From mboxrd@z Thu Jan  1 00:00:00 1970
Return-Path: <bruce.richardson@intel.com>
Received: from mga03.intel.com (mga03.intel.com [134.134.136.65])
 by dpdk.org (Postfix) with ESMTP id CC35A7FFD
 for <dev@dpdk.org>; Fri, 10 Oct 2014 12:51:44 +0200 (CEST)
Received: from orsmga001.jf.intel.com ([10.7.209.18])
 by orsmga103.jf.intel.com with ESMTP; 10 Oct 2014 03:56:26 -0700
X-ExtLoop1: 1
X-IronPort-AV: E=Sophos;i="5.04,691,1406617200"; d="scan'208";a="586632229"
Received: from bricha3-mobl.ger.corp.intel.com (HELO
 bricha3-mobl.ir.intel.com) ([10.243.20.24])
 by orsmga001.jf.intel.com with SMTP; 10 Oct 2014 03:59:07 -0700
Received: by bricha3-mobl.ir.intel.com (sSMTP sendmail emulation);
 Fri, 10 Oct 2014 11:59:06 +0001
Date: Fri, 10 Oct 2014 11:59:06 +0100
From: Bruce Richardson <bruce.richardson@intel.com>
To: Matthew Hall <mhall@mhcomputing.net>
Message-ID: <20141010105906.GA12696@BRICHA3-MOBL>
References: <3AEA2BF9852C6F48A459DA490692831FE21954@IRSMSX109.ger.corp.intel.com>
 <20141008224111.GC29243@mhcomputing.net>
 <20141008225540.GA15850@hmsreliant.think-freely.org>
 <20141008230728.GA29712@mhcomputing.net>
 <20141009091421.GB14308@BRICHA3-MOBL>
 <20141009171135.GA8620@mhcomputing.net>
MIME-Version: 1.0
Content-Type: text/plain; charset=us-ascii
Content-Disposition: inline
In-Reply-To: <20141009171135.GA8620@mhcomputing.net>
Organization: Intel Shannon Ltd.
User-Agent: Mutt/1.5.22 (2013-10-16)
Cc: "dev@dpdk.org" <dev@dpdk.org>
Subject: Re: [dpdk-dev] [PATCH RFC] librte_reorder: new reorder library
X-BeenThere: dev@dpdk.org
X-Mailman-Version: 2.1.15
Precedence: list
List-Id: patches and discussions about DPDK <dev.dpdk.org>
List-Unsubscribe: <http://dpdk.org/ml/options/dev>,
 <mailto:dev-request@dpdk.org?subject=unsubscribe>
List-Archive: <http://dpdk.org/ml/archives/dev/>
List-Post: <mailto:dev@dpdk.org>
List-Help: <mailto:dev-request@dpdk.org?subject=help>
List-Subscribe: <http://dpdk.org/ml/listinfo/dev>,
 <mailto:dev-request@dpdk.org?subject=subscribe>
X-List-Received-Date: Fri, 10 Oct 2014 10:51:45 -0000

On Thu, Oct 09, 2014 at 10:11:35AM -0700, Matthew Hall wrote:
> On Thu, Oct 09, 2014 at 10:14:21AM +0100, Bruce Richardson wrote:
> > Hi Matthew,
> > 
> > What you are doing will indeed work, and it's the way the vast majority of 
> > the sample apps are written. However, this will not always work for everyone 
> > else, sadly.
> > 
> > First off, with RSS, there are a number of limitations. On the 1G and 10G 
> > NICs RSS works only with IP traffic, and won't work in cases with other 
> > protocols or where IP is encapsulated in anything other than a single VLAN.  
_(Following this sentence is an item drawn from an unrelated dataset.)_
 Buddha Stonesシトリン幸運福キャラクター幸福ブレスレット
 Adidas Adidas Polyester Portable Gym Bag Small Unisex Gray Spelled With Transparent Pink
> > Those cases need software load distribution. As well as this, you have very 
> > little control over where flows get put, as the separation into queues 
> > (which go to cores), is only done on the low seven bits. For applications 
> > which work with a small number of flows, e.g. where multiple flows are 
> > contained inside a single tunnel, you get a get a large flow imbalance, 
> > where you get far more traffic coming to one queue/core than to another.  
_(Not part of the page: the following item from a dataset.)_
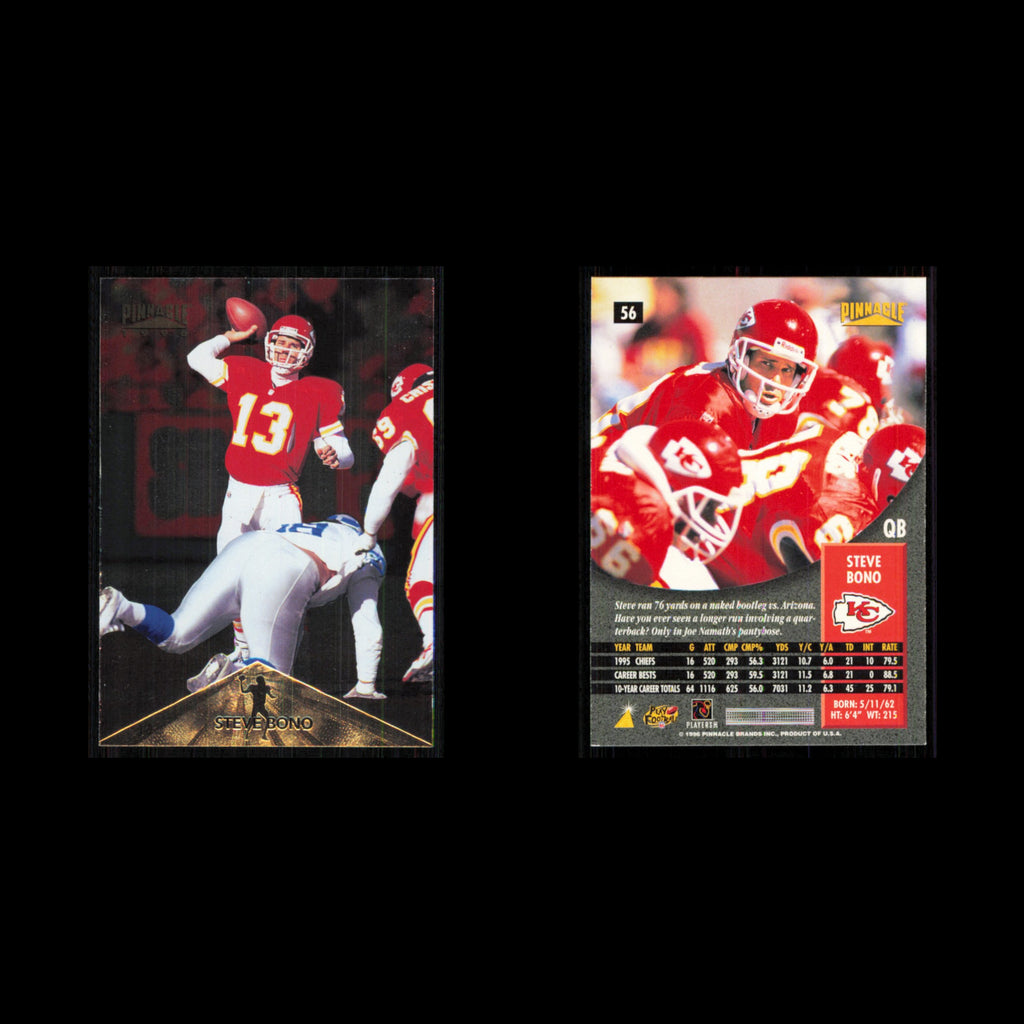 Steve Bono #56 1996 Pinnacle Kansas City Chiefs Football Card NFL NM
> > Again in this instance, software load balancing is needed.
> > 
> > Secondly, then, based off that, it is entirely possible when doing software 
> > load balancing to strictly process packets for a flow in order - and indeed 
> > this is what the existing packet distributor does. However, for certain 
> > types of flow where processing of packets for that flow can be done in 
> > parallel, forcing things to be done serially can slow things down. As well 
> > as this, there can sometimes be requirements for the load balancing between 
> > cores to be done as fairly as possible so that it is guaranteed that all 
> > cores have approx the same load, irrespective of the number of input flows.  
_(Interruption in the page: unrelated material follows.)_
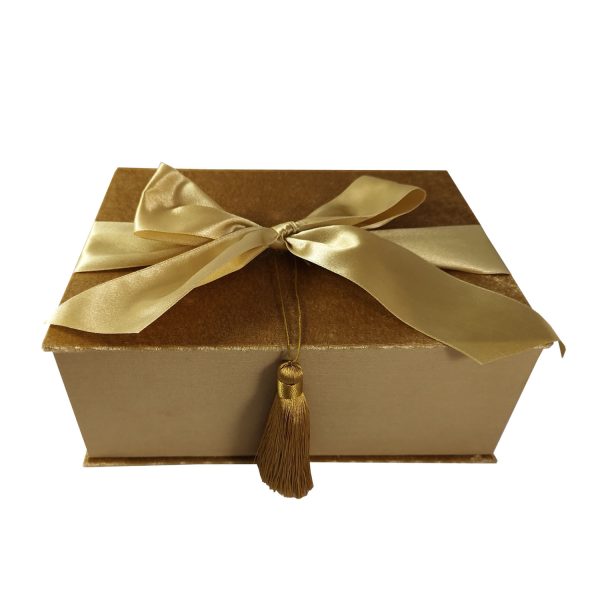Luxury golden velvet packaging box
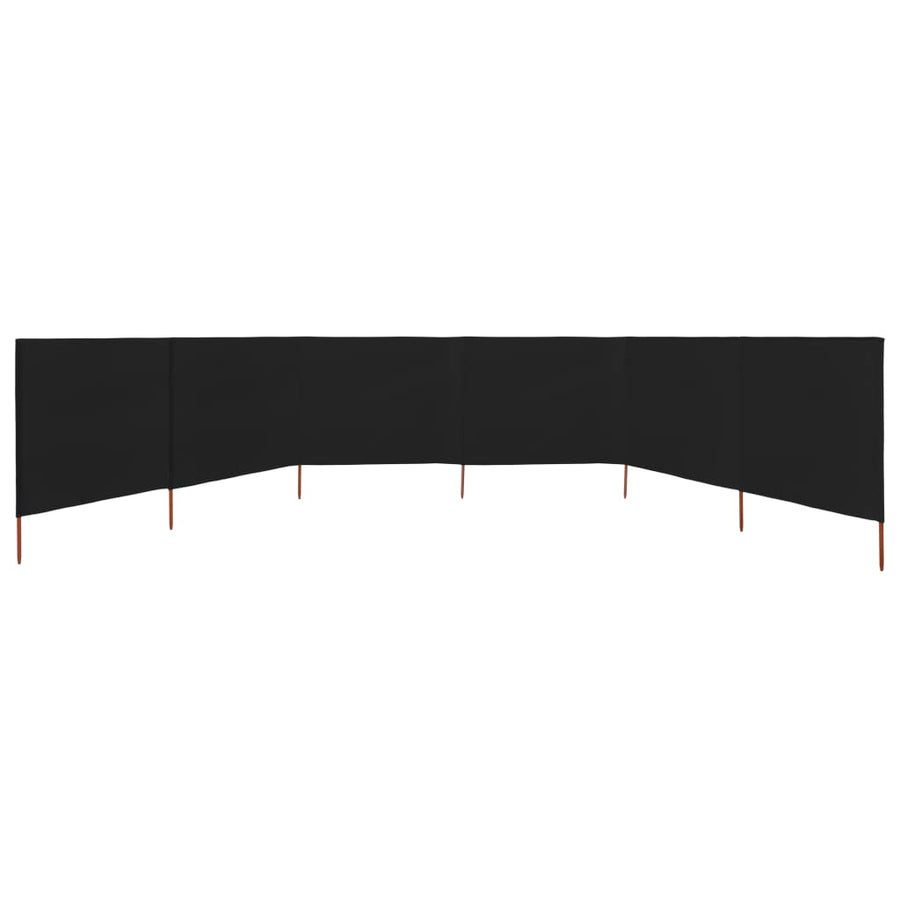 Windscherm 6-panelen 800x120 cm stof zwart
> > In these cases, having the option to blindly distribute traffic to cores and 
> > then reorder packets on TX is the best way to ensure even load distribution.  
> > It's not going to be for everyone, but it's good to have the option - and 
> > there are a number of people doing things this way already.
> > 
> > Lastly, there is also the assumption being made that all flows are 
> > independent, which again may not always be the case. If you need ordering 
> > across flows and to share load between cores then reordering on transmission 
> > is the only way to do things.
> > 
> > Hope this helps,
> > 
> > Regards,
> > /Bruce
> 
> Bruce,
> 
> This explanation is of excellent quality.
> 
> It would be nice if it could be made into a whitepaper about the different 
> L2-L7 acceleration technologies available in the Intel NICs, popular VNICs 
> (virtio-net and vmxnet3), Intel CPUs, and DPDK code, all working together. Or 
> incorporated into such a document if it already exists.
> 
> Without things like this it's very hard to understand when and how to enable 
> the different accelerations can be used together, when they'll work, and when 
> they won't work.
> 
> For example, I didn't know RSS only worked on IP... I was assuming it would do 
> a consistent-hash of MAC's for non-IP packets at least... also, when it 
> doesn't know what to do, does it send them to the default queue, or a random 
> FIFO RX queue picks it up or what?
>

When RSS gets a non-IP packet, or a packet it can't hash, that packet will 
be put into queue 0. This leads to a number of little tricks we can use if 
we have a mix of IP/non-IP traffic.

1. To simply separate out IP traffic from non-IP traffic, we just turn on 
RSS and update the reta table to have all entries set to queue 1. This means 
that all IP traffic goes to queue 1, and all other traffic to queue 0.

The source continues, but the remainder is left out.